10. Use Extra Income to Make a Dent in the Principle Amount
If you really want to pay off your student loans quickly, you’ll want to do more than pay a little extra each month. You would be better off making additional payments and having them applied to the principle of your loan (the amount of money you actually borrowed).
A good portion of your monthly payments goes to paying interest, which means that this money isn’t actually decreasing the principle balance of the loan at all. When you make an extra payment, you can instruct your loan servicer to apply the full amount of that payment toward your principle balance, which means there’s less of a loan accruing interest in the months and years to come. Whether you can afford to make additional payments monthly or just once in a while, every little bit of extra money you pay now makes a difference.
There are plenty of ways for you to earn a little extra cash. You could get a part-time job. You can put your marketable skills to work as a freelancer. If you have a passion like art or music, you could even make some additional money selling your crafts or performing at local bars and restaurants.
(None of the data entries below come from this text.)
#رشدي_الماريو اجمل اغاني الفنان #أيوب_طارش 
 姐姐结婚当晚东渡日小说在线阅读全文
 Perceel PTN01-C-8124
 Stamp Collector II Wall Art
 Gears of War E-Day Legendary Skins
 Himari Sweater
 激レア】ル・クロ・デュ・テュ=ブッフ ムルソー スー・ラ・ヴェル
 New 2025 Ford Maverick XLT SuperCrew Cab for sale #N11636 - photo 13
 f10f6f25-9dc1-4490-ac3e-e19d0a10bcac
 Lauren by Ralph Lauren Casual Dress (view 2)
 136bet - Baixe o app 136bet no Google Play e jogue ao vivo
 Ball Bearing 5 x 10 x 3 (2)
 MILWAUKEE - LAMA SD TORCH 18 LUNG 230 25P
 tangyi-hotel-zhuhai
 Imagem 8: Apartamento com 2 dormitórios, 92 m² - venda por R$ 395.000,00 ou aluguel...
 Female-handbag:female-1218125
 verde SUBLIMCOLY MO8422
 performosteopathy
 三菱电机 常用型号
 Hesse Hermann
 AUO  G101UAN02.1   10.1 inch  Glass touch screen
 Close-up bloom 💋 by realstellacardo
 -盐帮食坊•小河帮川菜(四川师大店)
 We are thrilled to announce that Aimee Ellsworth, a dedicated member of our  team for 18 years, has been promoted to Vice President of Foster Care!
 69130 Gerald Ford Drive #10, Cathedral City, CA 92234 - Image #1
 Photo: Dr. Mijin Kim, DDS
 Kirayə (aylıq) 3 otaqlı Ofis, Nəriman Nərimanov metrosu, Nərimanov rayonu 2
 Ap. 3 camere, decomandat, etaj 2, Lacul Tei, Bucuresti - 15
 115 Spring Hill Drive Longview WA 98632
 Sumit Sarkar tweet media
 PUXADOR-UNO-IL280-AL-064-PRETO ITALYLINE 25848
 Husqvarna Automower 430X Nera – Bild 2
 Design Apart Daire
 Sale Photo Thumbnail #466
Speaking of income, your income tax return is another place to look for some extra money. In many cases, taxpayers actually get a tax deduction for the amount of student loan interest they paid during the year. If you take that amount out of your tax refund and put it toward paying your student loans, it’s doing double duty – first decreasing your tax burden and then reducing the money accruing interest.
When you have reached the point of paying off your student loans, you may have to request an official payoff amount to make sure you have paid the debt completely – including any interest that has accumulated since your last payment.
11. Look at the Big Picture to Determine Your Debt Repayment Goals
Student loan debt can be financially debilitating. It can hold you back from achieving other milestones in your life or simply from becoming financially stable. However, so can other financial liabilities, like lacking an emergency savings fund or carrying credit card debt.
While it feels good to see your student loans marked “paid in full,” the smartest financial move you can make is to look at your overall financial situation, rather than focusing solely on your student loan debt. Do you have enough money saved to protect yourself in case of an emergency? What debts do you have, and how much are they costing you in interest?
It’s likely that student debt is just one of the financial challenges you need to meet. Prioritizing how much you should pay to each obligation can help you pay down all of your debt and become more financially secure in the long run.